EXERCISE INSTRUCTIONS> Lines to be reproduced exactly: the one that holds "Women's Leggings Skeleton" and all those after it through the end of the data. Include no others.

DATA>
────────────────────────────────────────

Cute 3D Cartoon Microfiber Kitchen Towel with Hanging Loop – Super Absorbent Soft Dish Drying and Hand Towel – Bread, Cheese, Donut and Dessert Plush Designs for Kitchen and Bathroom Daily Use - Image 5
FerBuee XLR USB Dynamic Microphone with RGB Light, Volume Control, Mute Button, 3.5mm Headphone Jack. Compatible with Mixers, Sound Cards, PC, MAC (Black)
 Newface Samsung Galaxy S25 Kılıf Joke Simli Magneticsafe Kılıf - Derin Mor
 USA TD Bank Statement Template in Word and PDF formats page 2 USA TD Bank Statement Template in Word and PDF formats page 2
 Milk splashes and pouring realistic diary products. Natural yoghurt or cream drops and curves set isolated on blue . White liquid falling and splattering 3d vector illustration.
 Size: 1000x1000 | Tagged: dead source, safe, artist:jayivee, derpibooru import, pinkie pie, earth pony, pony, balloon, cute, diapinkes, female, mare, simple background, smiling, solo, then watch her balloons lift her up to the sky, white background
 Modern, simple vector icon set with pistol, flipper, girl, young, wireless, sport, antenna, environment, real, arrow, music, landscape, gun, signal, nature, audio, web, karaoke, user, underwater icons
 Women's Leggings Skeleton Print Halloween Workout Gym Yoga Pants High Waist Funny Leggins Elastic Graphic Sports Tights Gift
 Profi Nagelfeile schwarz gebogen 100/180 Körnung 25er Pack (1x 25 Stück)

────────────────────────────────────────

SOLUTION BELOW>
 Women's Leggings Skeleton Print Halloween Workout Gym Yoga Pants High Waist Funny Leggins Elastic Graphic Sports Tights Gift
 Profi Nagelfeile schwarz gebogen 100/180 Körnung 25er Pack (1x 25 Stück)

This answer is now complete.